Net debt as of September 30, 2022, is defined as GAAP total debt before deferred financing fees ($580 million) less cash ($118 million).

Presentation of Oil and Gas Information

References to a formation where evidence of hydrocarbons has been encountered is not necessarily an indicator that hydrocarbons will be recoverable in commercial quantities or in any estimated volume. Gran Tierra’s reported production is a mix of light crude oil and medium and heavy crude oil for which there is not a precise breakdown since the Company’s oil sales volumes typically represent blends of more than one type of crude oil. Well test results should be considered as preliminary and not necessarily indicative of long-term performance or of ultimate recovery. Well log interpretations indicating oil and gas accumulations are not necessarily indicative of future production or ultimate recovery. If it is indicated that a pressure transient analysis or well-test interpretation has not been carried out, any data disclosed in that respect should be considered preliminary until such analysis has been completed. References to thickness of “oil pay” or of a formation where evidence of hydrocarbons has been encountered is not necessarily an indicator that hydrocarbons will be recoverable in commercial quantities or in any estimated volume.

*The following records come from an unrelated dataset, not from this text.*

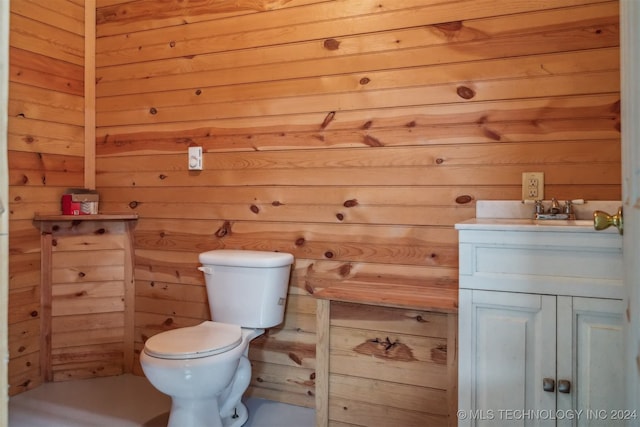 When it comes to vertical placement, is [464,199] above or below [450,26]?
below

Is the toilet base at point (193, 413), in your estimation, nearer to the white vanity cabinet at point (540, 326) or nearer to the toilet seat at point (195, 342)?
the toilet seat at point (195, 342)

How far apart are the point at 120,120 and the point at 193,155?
0.58 meters

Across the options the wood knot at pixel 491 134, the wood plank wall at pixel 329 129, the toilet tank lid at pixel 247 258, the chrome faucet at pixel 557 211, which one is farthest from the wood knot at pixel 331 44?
the chrome faucet at pixel 557 211

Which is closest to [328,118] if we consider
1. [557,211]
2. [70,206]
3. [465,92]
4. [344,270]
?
[465,92]

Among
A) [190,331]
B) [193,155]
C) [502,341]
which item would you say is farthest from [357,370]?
[193,155]

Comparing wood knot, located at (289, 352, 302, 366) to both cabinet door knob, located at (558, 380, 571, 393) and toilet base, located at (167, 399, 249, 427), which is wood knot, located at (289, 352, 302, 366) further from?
cabinet door knob, located at (558, 380, 571, 393)

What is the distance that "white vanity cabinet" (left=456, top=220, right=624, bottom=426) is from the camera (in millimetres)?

This press release contains certain oil and gas metrics, including operating netback and cash netback, which do not have standardized meanings or standard methods of calculation and therefore such measures may not be comparable to similar measures used by other companies and should not be used to make comparisons. These metrics are calculated as described in this press release and management believes that they are useful supplemental measures for the reasons described in this press release.

Such metrics have been included herein to provide readers with additional measures to evaluate the Company’s performance; however, such measures are not reliable indicators of the future performance of the Company and future performance may not compare to the performance in previous periods.